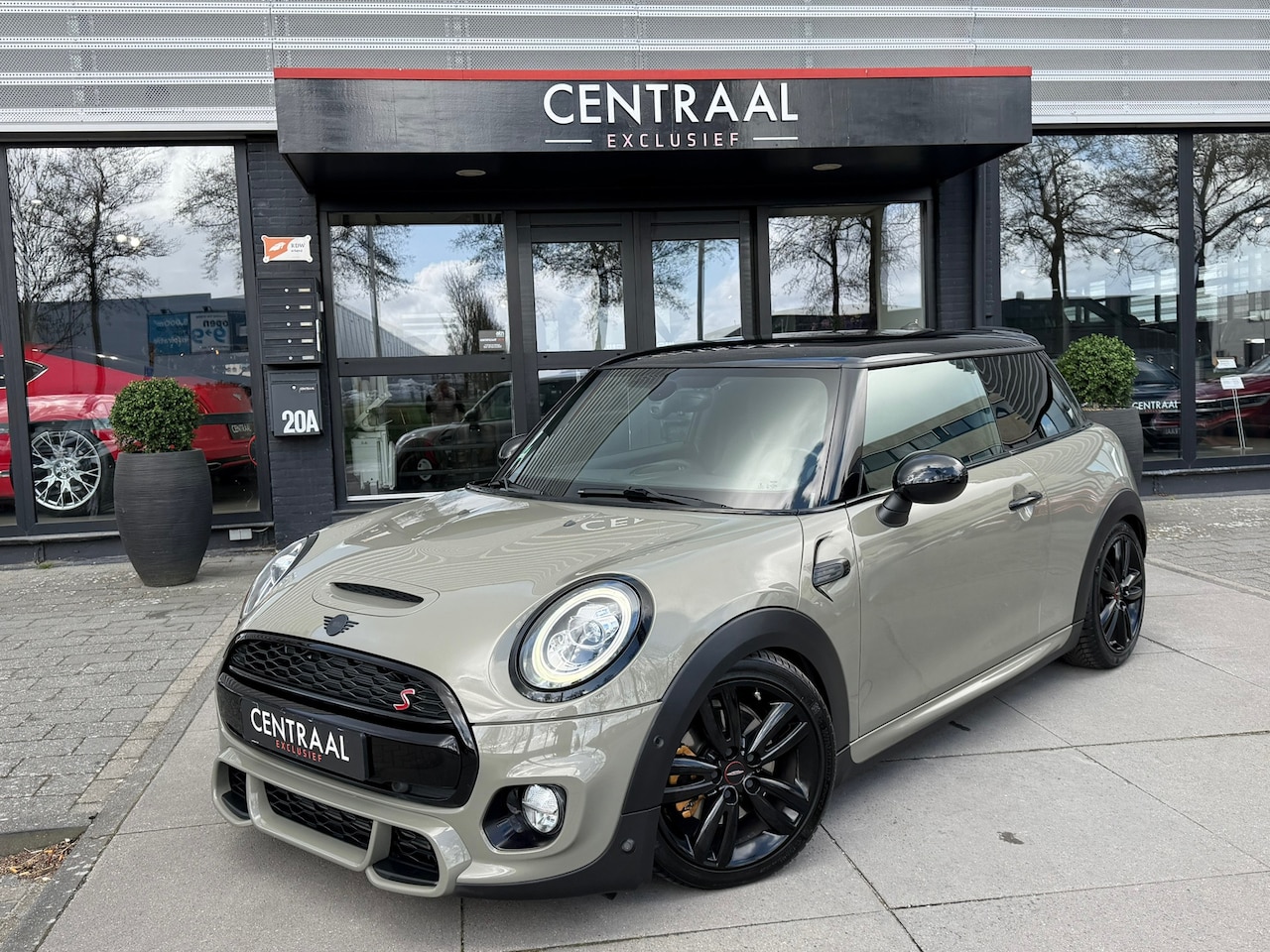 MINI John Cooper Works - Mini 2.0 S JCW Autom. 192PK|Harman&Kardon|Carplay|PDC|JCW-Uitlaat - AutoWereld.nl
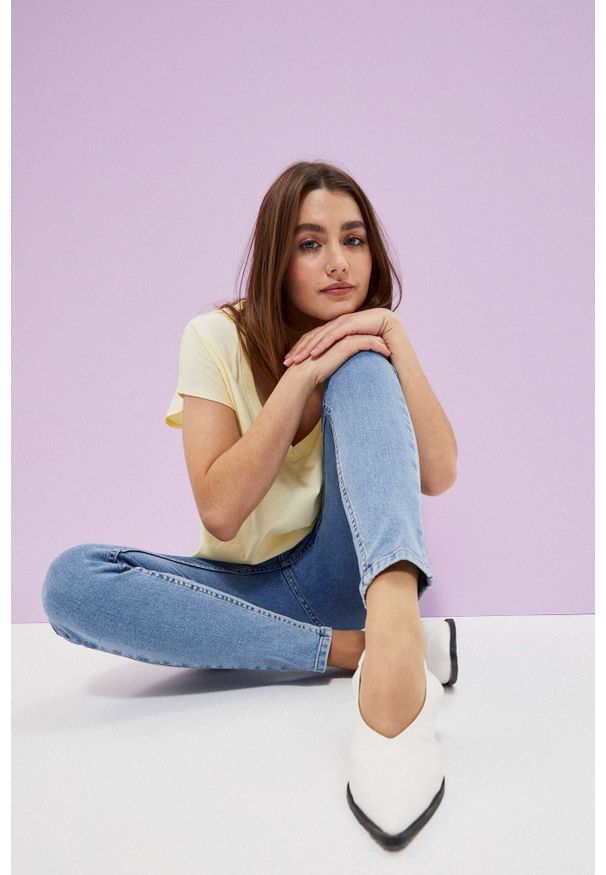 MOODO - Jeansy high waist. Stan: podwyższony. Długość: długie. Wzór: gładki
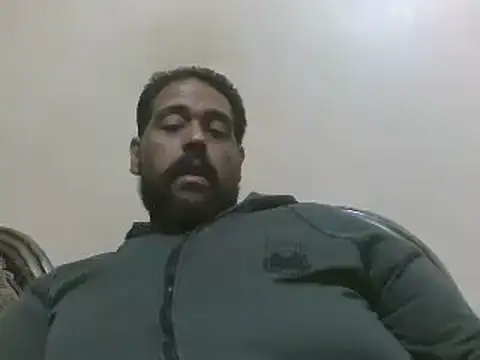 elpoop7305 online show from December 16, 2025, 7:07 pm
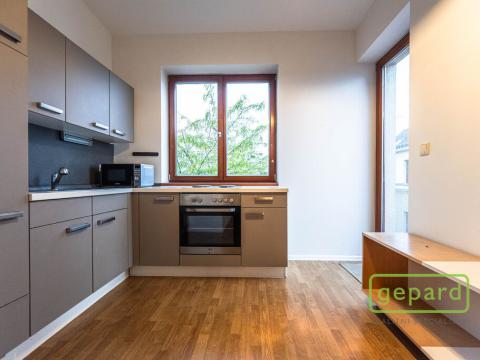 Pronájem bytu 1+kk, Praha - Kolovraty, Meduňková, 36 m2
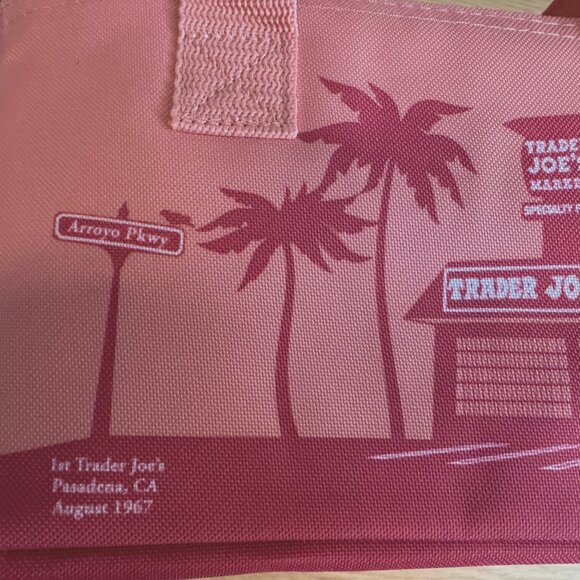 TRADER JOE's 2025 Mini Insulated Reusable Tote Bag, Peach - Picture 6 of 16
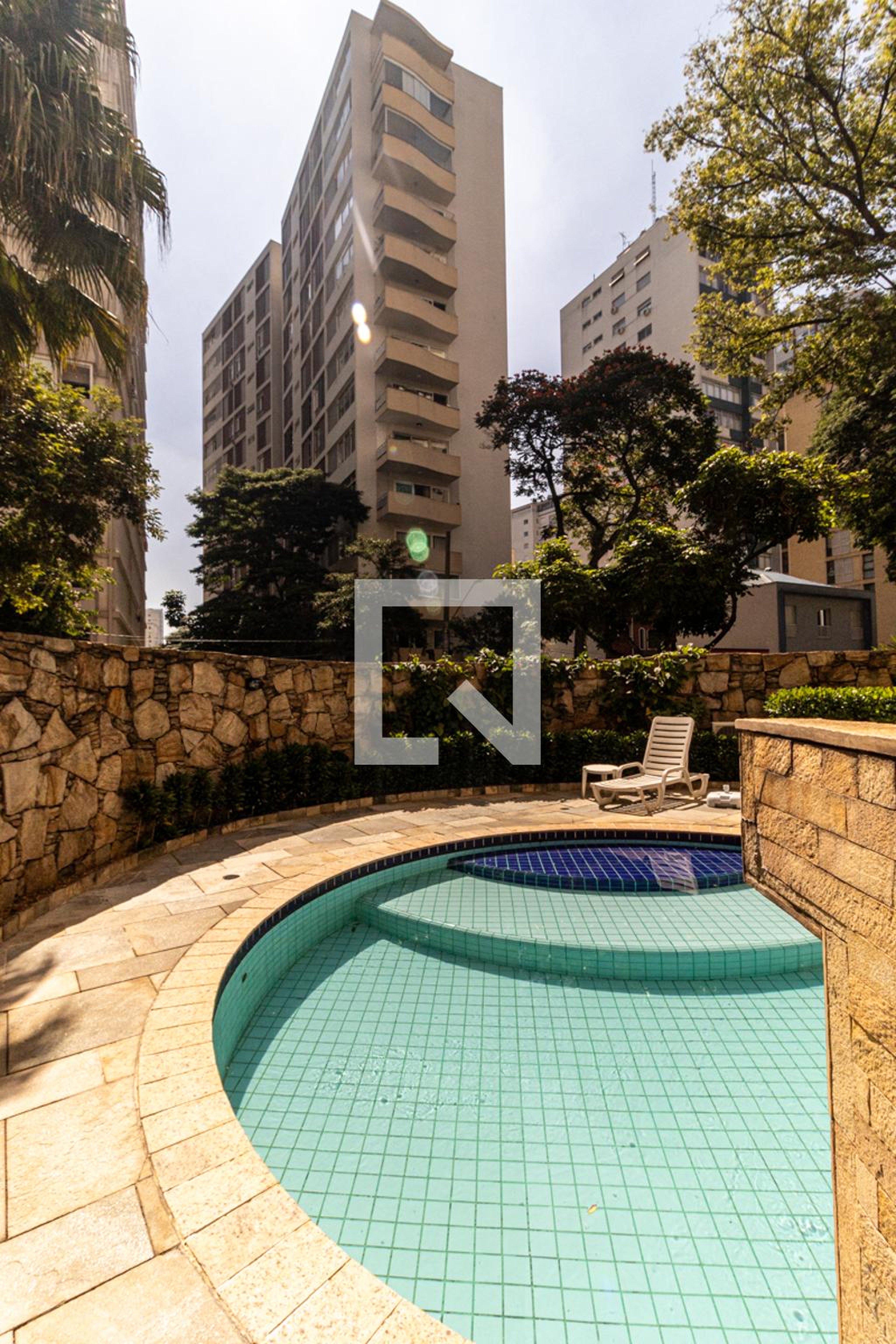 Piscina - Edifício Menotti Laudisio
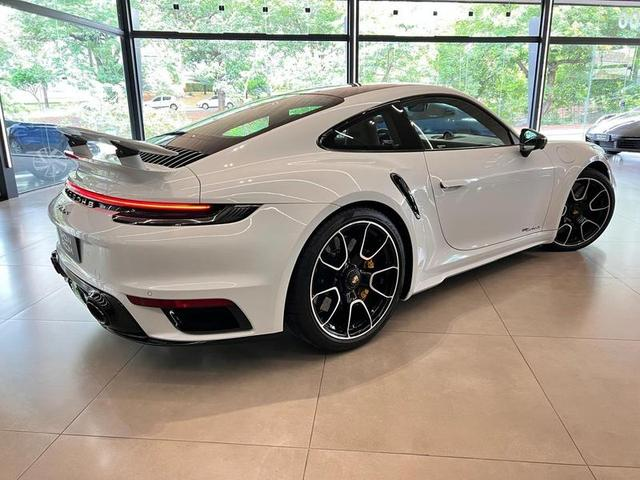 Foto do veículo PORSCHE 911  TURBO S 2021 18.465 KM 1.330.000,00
···
### TASK DESCRIPTION
Make an exact copy of all the material, but keep the pictures out of it.

### REPLY TO THE EXERCISE
 MINI John Cooper Works - Mini 2.0 S JCW Autom. 192PK|Harman&Kardon|Carplay|PDC|JCW-Uitlaat - AutoWereld.nl
 MOODO - Jeansy high waist. Stan: podwyższony. Długość: długie. Wzór: gładki
 elpoop7305 online show from December 16, 2025, 7:07 pm
 Pronájem bytu 1+kk, Praha - Kolovraty, Meduňková, 36 m2
 TRADER JOE's 2025 Mini Insulated Reusable Tote Bag, Peach - Picture 6 of 16
 Piscina - Edifício Menotti Laudisio
 Foto do veículo PORSCHE 911  TURBO S 2021 18.465 KM 1.330.000,00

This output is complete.